### YOUR INSTRUCTIONS
Below are entries; output exactly the lines from the one with "водорості і суспензію" to the one with "інших організмів, що", both included, and nothing else.

### GIVEN DATA

*** Begin section ***

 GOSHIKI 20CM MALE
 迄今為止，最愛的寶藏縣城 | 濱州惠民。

*** End section ***
*** Begin section ***

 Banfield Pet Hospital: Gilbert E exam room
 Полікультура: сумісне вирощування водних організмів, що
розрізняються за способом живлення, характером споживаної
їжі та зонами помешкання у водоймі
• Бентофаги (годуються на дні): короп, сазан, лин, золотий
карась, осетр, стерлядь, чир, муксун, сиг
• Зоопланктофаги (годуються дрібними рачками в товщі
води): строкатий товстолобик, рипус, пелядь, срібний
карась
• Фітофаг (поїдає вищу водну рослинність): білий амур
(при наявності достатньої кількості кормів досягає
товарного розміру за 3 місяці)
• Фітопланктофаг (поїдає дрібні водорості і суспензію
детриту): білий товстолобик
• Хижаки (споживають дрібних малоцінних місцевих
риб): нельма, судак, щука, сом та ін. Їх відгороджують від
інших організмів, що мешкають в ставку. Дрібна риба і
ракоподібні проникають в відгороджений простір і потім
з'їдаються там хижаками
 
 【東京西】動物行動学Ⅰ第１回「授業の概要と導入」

*** End section ***

### RESULT OF THE TASK
• Фітопланктофаг (поїдає дрібні водорості і суспензію
детриту): білий товстолобик
• Хижаки (споживають дрібних малоцінних місцевих
риб): нельма, судак, щука, сом та ін. Їх відгороджують від
інших організмів, що мешкають в ставку. Дрібна риба і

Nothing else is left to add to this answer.